Cantonese (linguistics)

This article is on all of the Yue dialects. For the dialect of Guangzhou and Hong Kong, see Standard Cantonese.

Cantonese (廣東話/广东话, lit. "Guangdong speech", colloquial; 粵語/粤语, lit. "Yu dialect", formal) is one of the major dialects or languages of the Chinese language or language family. It is mainly spoken in the south-eastern part of Mainland China, Hong Kong, Macau, by the Chinese minorities in Southeast Asia and by many overseas Chinese of Cantonese origin worldwide. Its name is derived from Canton, the former English name for Guangzhou, the capital city of Guangdong Province. It is a tonal language.

It is the lingua franca of the overseas Cantonese diaspora, spoken by about 70 million Cantonese worldwide. While fewer than the nearly one billion of Mandarin speakers, it is rivalled overseas only by the 40 million speakers of Hokkien, or Southern Fujianese dialects, many of whom are located throughout Southeast Asia. Cantonese is most commonly spoken in Hong Kong, a financial and cultural capital of southern China, and in one form or another in many if not most Chinatowns around the world with Cantonese communities. For instance, sei yap or siyi (四邑) dialect, from the Guangdong counties where a majority of Exclusion-era Cantonese-Chinese immigrants emigrated, continues to be spoken both by recent immigrants from Southern China and even by third-generation Chinese Americans of Cantonese ancestry alike.

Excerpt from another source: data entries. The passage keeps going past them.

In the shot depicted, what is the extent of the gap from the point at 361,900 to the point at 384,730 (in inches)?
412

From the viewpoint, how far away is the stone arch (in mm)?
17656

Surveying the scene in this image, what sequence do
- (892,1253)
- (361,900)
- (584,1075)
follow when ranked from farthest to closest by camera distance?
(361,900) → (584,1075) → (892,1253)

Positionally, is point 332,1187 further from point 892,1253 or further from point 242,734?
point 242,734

Like other major varieties of Chinese, Cantonese is often considered a dialect of a single Chinese Language for cultural or nationalistic reasons; most linguists consider Cantonese a separate language in the sense that they use the term, with notable exceptions in the People's Republic (see Is Chinese a language or a family of languages?).


Dialects of Cantonese

There are at least four major dialect groups of Cantonese: Yuehai, which includes the dialect spoken in Guangzhou, Hong Kong and Macau as well as the dialects of Zhongshan, and Dongguan; Siyi (sei yap), exemplified by Taishan (台山 Toisaan, Hoisaan) dialect, which used to be ubiquitous in American Chinatowns before 1970; Gaoyang, as spoken in Yangjiang ; and Guinan (Nanning dialect) spoken widely in Guangxi. However, Cantonese generally refers to the Yuehai dialect.

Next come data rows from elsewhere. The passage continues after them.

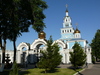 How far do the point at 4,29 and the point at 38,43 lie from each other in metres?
23.9

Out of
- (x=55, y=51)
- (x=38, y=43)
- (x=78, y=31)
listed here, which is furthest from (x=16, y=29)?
(x=78, y=31)

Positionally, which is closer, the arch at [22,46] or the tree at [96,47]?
the arch at [22,46]

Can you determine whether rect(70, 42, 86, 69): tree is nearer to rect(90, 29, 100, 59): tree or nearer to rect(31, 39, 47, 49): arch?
rect(31, 39, 47, 49): arch

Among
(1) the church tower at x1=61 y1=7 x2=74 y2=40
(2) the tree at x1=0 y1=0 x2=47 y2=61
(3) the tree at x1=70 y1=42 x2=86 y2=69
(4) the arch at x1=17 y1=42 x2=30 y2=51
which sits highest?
(1) the church tower at x1=61 y1=7 x2=74 y2=40

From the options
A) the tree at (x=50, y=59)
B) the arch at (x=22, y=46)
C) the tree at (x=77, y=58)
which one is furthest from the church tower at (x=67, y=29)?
the tree at (x=50, y=59)

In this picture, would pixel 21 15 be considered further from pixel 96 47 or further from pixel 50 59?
pixel 96 47

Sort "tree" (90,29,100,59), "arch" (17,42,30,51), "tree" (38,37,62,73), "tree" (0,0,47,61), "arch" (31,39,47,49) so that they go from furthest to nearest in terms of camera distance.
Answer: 1. "tree" (90,29,100,59)
2. "arch" (17,42,30,51)
3. "arch" (31,39,47,49)
4. "tree" (38,37,62,73)
5. "tree" (0,0,47,61)

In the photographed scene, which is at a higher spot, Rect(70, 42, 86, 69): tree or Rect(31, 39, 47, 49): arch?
Rect(31, 39, 47, 49): arch

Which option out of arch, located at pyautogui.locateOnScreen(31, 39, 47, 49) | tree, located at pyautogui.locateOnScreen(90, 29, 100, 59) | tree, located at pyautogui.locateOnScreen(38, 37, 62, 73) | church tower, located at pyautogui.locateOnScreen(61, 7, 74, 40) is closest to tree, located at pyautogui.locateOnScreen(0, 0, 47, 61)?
tree, located at pyautogui.locateOnScreen(38, 37, 62, 73)

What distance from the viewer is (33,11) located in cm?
1877

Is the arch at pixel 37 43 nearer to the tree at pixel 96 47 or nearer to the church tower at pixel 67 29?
the tree at pixel 96 47

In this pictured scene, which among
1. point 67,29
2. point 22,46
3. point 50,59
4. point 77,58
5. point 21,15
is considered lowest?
point 77,58

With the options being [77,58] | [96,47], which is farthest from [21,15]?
[96,47]

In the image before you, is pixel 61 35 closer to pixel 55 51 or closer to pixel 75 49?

For the last 150 years, Guangdong Province has been the home of most of the Chinese emigrants; one county near its center, Taishan (where the siyi or sei yap dialect of Cantonese is spoken), alone may have been the home to more than 60% of Chinese immigrants to the US before 1965, and as a result, Guangdong dialects such as sei yap (the dialects of Taishan, Enping , Kaiping , Xinhui Counties) and what we understand to be mainstream Cantonese (with a heavy Hong Kong influence) have been the major spoken dialects abroad. As more and different kinds of Chinese emigrate, however, the situation is now changing, so that Min (Hokkien, or Fujianese dialect speakers) and Wu dialect speakers are also now heard, as well as Mandarin in increasing numbers from Taiwanese and Northern mainland immigrants.

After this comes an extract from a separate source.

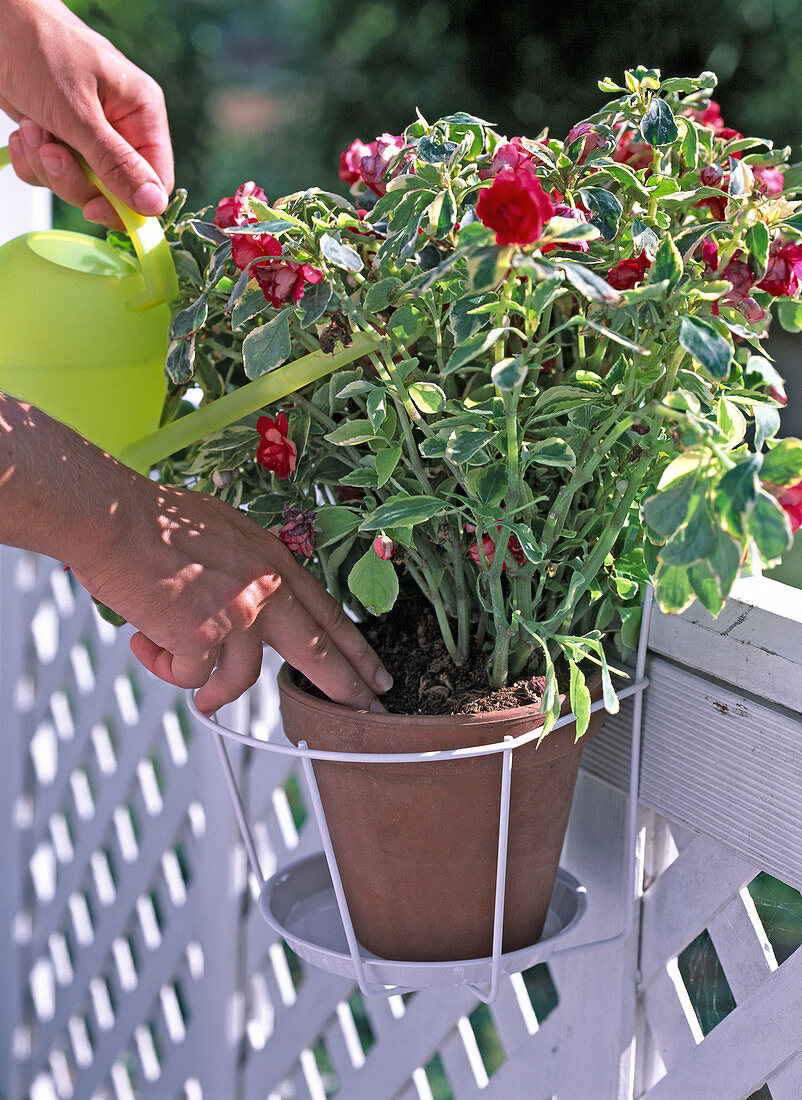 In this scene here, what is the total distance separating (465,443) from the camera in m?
0.51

In addition, there are at least three other major Chinese languages spoken in Guangdong Province—Putonghua, which is official standard Mandarin, spoken in official occasions, used in education, and among the many internal migrants from the north seeking work in the developing south; Min-nan (Southern Min) spoken in the eastern regions bordering Fujian, such as those from Chaozhou and Shantou; and Hakka, the language of the Hakka minority. Hanyu or Mandarin is mandatory through the state education system, but in the Southern household, the popularization of Cantonese-language media (Hong Kong films, television serials, and Cantopop, most notably), isolation from the other regions of China, and the healthy economy of the Cantonese diaspora ensure that the language has a life of its own. Most wuxia films from Canton are filmed originally in Cantonese and then dubbed in Mandarin or English or both.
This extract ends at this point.